Features of HTTP/cc attacks:
1. HTTP/cc attack IP is real and distributed
2. HTTP/cc attack packet is normal
3. All http/cc attack requests are valid and cannot be rejected
4. Http/cc attacks web pages. Can connect, ping is normal, but cannot access the web page
5. If IIS is enabled, the server will die soon, and data packets will be lost easily
6. Like the DNS service, the web service also has a caching mechanism. If a large number of attackers' requests hit the server cache, the main effect of this attack is only to consume network bandwidth resources, and the consumption of computing and IO resources is very limited. Therefore, an efficient http/cc attack should constantly send http requests for different resources and pages, and try to request resources that cannot be cached (such as keyword search results, user related information, etc.), So as to better increase the burden of the server and achieve the ideal attack effect.

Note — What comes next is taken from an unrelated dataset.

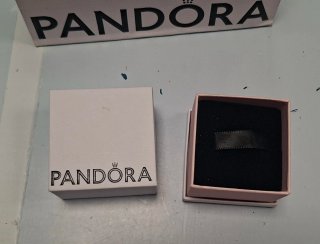 Caja Pandora
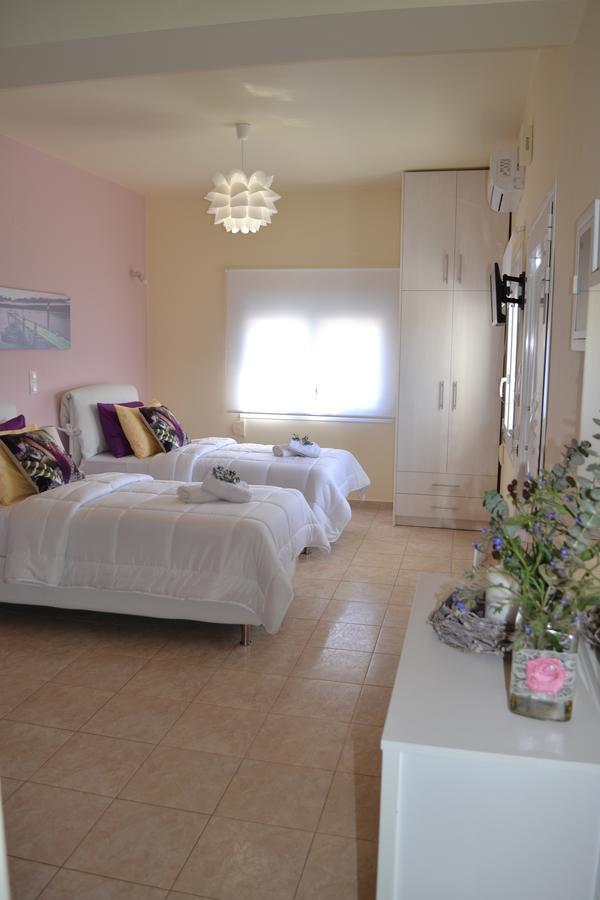 Meltemi Beach Apartments ミラトス エクステリア 写真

Of course, http/cc attacks will also cause serious chain reactions, which will not only directly lead to slow response to Web front-end attacks, but also indirectly attack business layer logic such as back-end Java and more back-end database services, increasing their pressure. The massive log data generated by HTTP/cc attacks will even affect the server where the logs are stored. If the web server supports HTTPS, HTTPS flood attack is a more effective method. There are two reasons. First, when communicating with HTTPS, the Web server needs to consume more resources for authentication and encryption. Secondly, at present, some protection devices cannot process HTTPS communication data streams, leading to attack traffic bypassing protection devices and directly attacking network servers
How can the server and Zhejiang machine room cabinet website resist HTTP/cc attacks? The defense against HTTP/cc attacks is mainly achieved through caching. Background services try to protect the results directly returned from the device cache. When an advanced attacker invades the cache, the cleaning device will intercept HTTP requests for special processing. The early method was to set a threshold for the HTTP request frequency of the source IP, and add IP addresses higher than the threshold to the blacklist. This method is too simple, easy to cause miskill, and cannot shield proxy server attacks. Therefore, it is gradually abolished and replaced by a human-computer recognition scheme based on JavaScript jump. HTTPflood is a program that simulates HTTP requests. Generally speaking, it does not parse the server, returned data, JS and other code. Therefore, when the cleaning device intercepts an HTTP request, it will return a special JavaScript code. The browser of a normal user will normally handle [600m servers] without affecting the use, and the attacker will attack spaces. Because the disguise of HTTP/cc attacks is ever-changing, few strategies or hardware protection can achieve perfect elimination. Therefore, for HTTP/cc attacks, we need network maintenance personnel with certain skills to make open calls, which are open in most cases.